Sydney & the Old Girl, Park Theatre
Tuesday 5th November 2019
Actor Miriam Margolyes is a phenomenon. Not only has this Dickensian specialist starred in high-profile shows both here and in Australia, a country whose citizenship she took up in 2013, but she is also Professor Sprout in the Harry Potter films. And a familiar face from television. And a voice on radio. The programme lists her 12 major awards. Now she returns to the Park Theatre, having starred in its sellout show Madame Rubinstein a couple of years ago, in a family drama by another Park returnee, actor turned playwright Eugene O’Hare, whose bleak debut, The Weatherman, provoked controversy in its depiction of human trafficking here in August.
In her shabby East London flat, seventy-something Nell Stock (Margolyes) lives alone with her son, fifty-something loner Sydney. It’s a very odd situation. Although he has tried to leave home, he’s never quite managed it. Both mother and son are stuck in a mutually contemptuous relationship, both aware of the emotionally devastating effect of the death, many years ago, of Bernie, Sydney’s brother who had Down’s Syndrome. Guilt and mutual recriminations are the emotional fuel that bind Nell and Sydney together. Despite his boasting about the friends he meets down the pub, the family’s sole visitor is Marion, an Irish home help who also volunteers for an orphan charity. Can she help mother and son reconcile their differences, or will one of them use her as a pawn in this domestic power struggle?
At first, this play begins as a comedy, not of menace so much as disparagement. Aptly enough for Guy Fawkes Night, when the show opened, the putdowns flash and bang occasionally, but too often they are damp squibs. Neither “Old Girl” Nell nor Sydney are attractive figures: she is barely able to move from her wheelchair and is consumed with self-pity, despite the fact that she is something of a bright old bird. Sydney is the more troubled of the two: he is a paranoid virgin eaten up by hatred — of his mother, of women, of gays and of non-whites. His prejudices sting the ears and are hard to swallow.
O’Hare writes with some flair, in a powerful but emotionally narrow way.

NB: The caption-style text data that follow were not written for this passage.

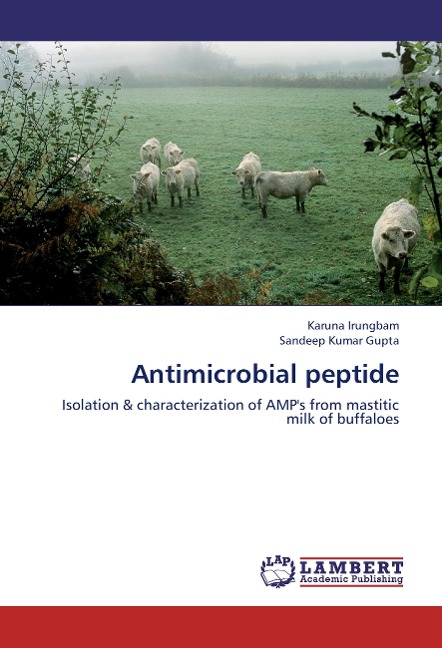 Antimicrobial peptide: Isolation & characterization of AMPs from  mastitic  milk of buffaloes
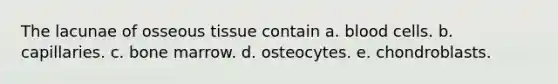 The lacunae of osseous tissue contain a. blood cells. b. capillaries. c. bone marrow. d. osteocytes. e. chondroblasts.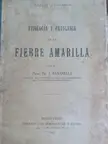 "Etiology and pathogenesis of yellow fever", by Giuseppe Sanarelli (1897). First scientific-medical book in Spanish in which the existence of Bacillus icteroide, supposed bacterium producing yellow fever is described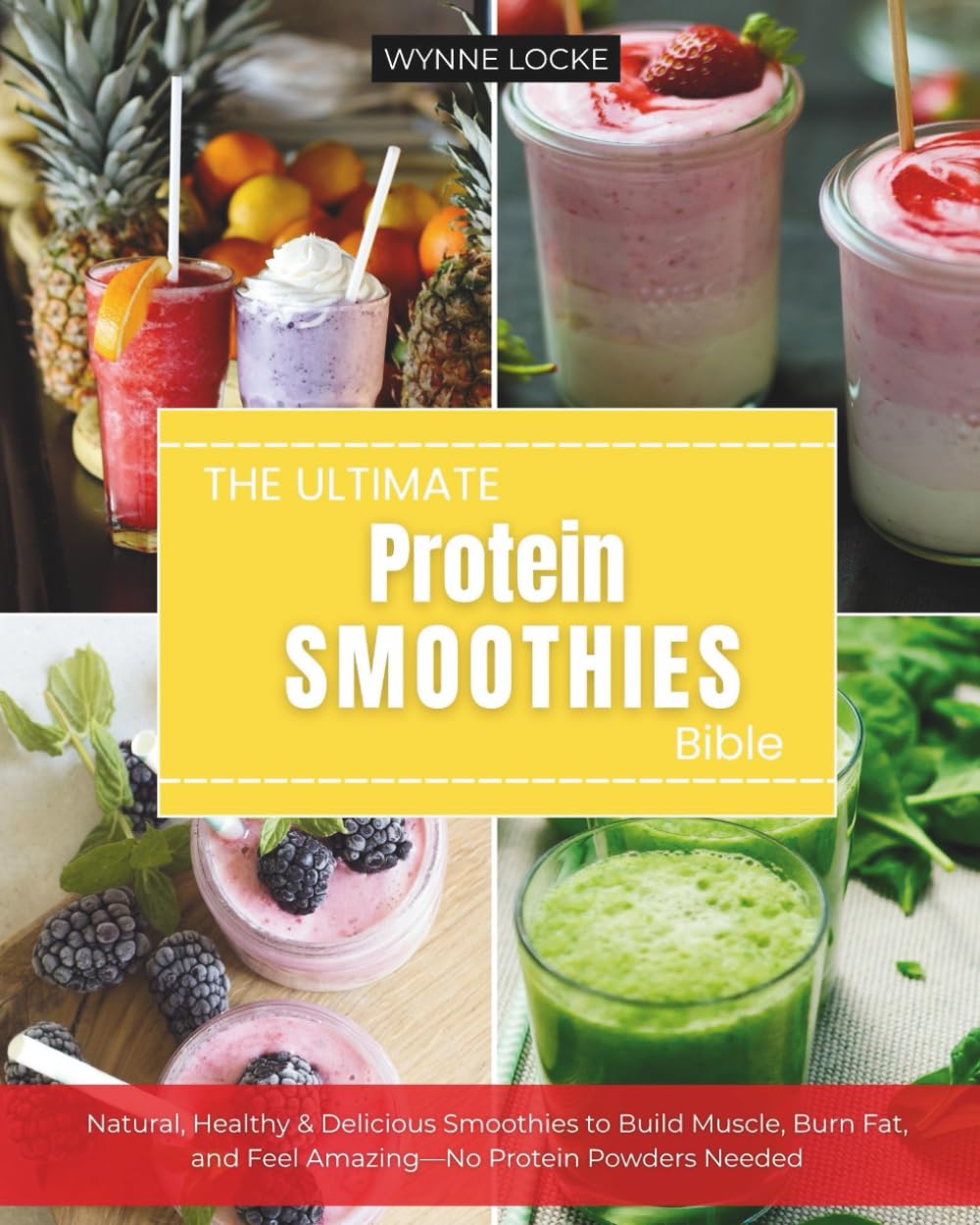 The Ultimate Protein Smoothie Bible: Natural, Healthy & Delicious Smoothies to Build Muscle, Burn Fat, and Feel Amazing—No Protein Powders Needed
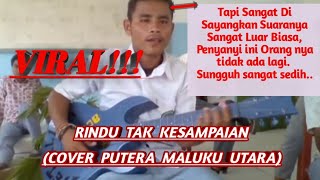 Rindu Tak Kesampaian - (Cover Anak SMA Putera Maluku Utara) Viral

He indulges Sydney’s homophobia and racism with a confrontational intent that is both unpleasant and a bit alarming. The insults traded between Nell and her son — “deaf old snatch” he calls her — are initially funny in an in-yer-face way, but soon become oppressive and repetitive. As Marion gets drawn into this dysfunctional family, the plot gradually quickens, although O’Hare is unable to avoid longueurs when nothing very much happens. His viciousness reminds me of Martin McDonagh’s The Beauty Queen of Leenane, but without that playwright’s imaginative wit. In the end, the struggle between black comedy and sheer melodrama ends in the victory of excess rather than sense.
While there is nothing wrong with a truthful account of family hatred, and British theatre could do with having more plays about ordinary people who have ordinary prejudices which liberal audiences don’t share, it is still right to expect a new play to tell you something new. If that rare beast, the right-wing play, is to be successful, it needs to provoke sympathy for its central characters, and O’Hare’s doesn’t do that. Neither does it analyse the social implications of Sydney’s paranoid fantasies. In the end, you are left with a bleak account of a mutually destructive mother-and-child relationship, and the feeling that it is impossible to change a person’s prejudice. This makes you long for even a brief glimpse of redemption.
For fans of Margolyes, most of this might not matter. She’s a great trooper, dominating the stage with a positively Dickensian determination and presence. Her performance is full of expressive grimaces and wonderfully earthy verbal flights, and at times she infuses Nell with a solid Cockney humanity, her perceptions sharp and her tongue as hard as a cosh. Several moments are sheer delight. Mark Hadfield’s Sydney is more uneasy in his role, and Vivien Parry is suitably supportive, but, as written, her role is not fully convincing. Director Phillip Breen’s production, with a meticulously grubby set by designers Max Jones and Ruth Hall, offers some flashes of fun, but O’Hare’s sensibility too often feels like it’s narrowly sadistic, mercilessly cruel and thoroughly unpleasant.